Abstract

High latitude regions are increasingly affected by climate change, where large stocks of carbon sequestered in permafrost are at risk of being released. Monitoring this change is therefore vital for our understanding of  the Arctic and global climate, but adverse conditions and the heterogeneity of Arctic landscapes make it exceptionally challenging to gain a comprehensive observational view of the carbon cycle. In this work we explore the growth of the high latitude eddy covariance (EC) network, and evaluate ways to improve its design both from a spatial and temporal aspect to better monitor this vital region. We utilise the relative extrapolation index (EI) metric, a method to assess upscaling errors as a factor of a location's distance in predictor variable space to the EC network. Our EC site survey, last updated in 2022, identified 213 site locations in the Arctic, of which 124 are currently active. Of these active sites, 79% intend to remain active for 5 years or longer, although on average these sites only have 3.1 years of funding. We investigated the effect of limited site activity periods on the network, and found that if sites only stayed active for a maximum of 36 month (3 full years) or 18 month (3 full summers), the network’s mean EI would increase by 27.3 and 24.5 percentage points, respectively. This deterioration in network data coverage is similar to setting the network back to 2012 and 2008, i.e. a time when fewer sites by far were active. In addition, we investigated the effect of long time series of data, and the optimal configuration of the network in depth versus breadth.
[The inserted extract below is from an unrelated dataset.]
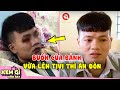 7 Sự Thật Cực Sốc Về Cuộc Sống Trong Tù Của Khá Bảnh, Vừa Lên Truyền Hình Quốc Hội Đã Ăn Đòn?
For the former, our results show that even for time series that are already long, adding more data years still contributes to increasing network performance overall. For the latter, we find that with total site-months remaining constant, many sites with fewer site-months results in a lower EI than a few sites with many site-months. Summarising, our findings demonstrate that a top-down network management should ideally combine long-term monitoring sites with observations that are rotated between multiple observation sites, to capture both long-term trends and spatial heterogeneity in exchange flux rates.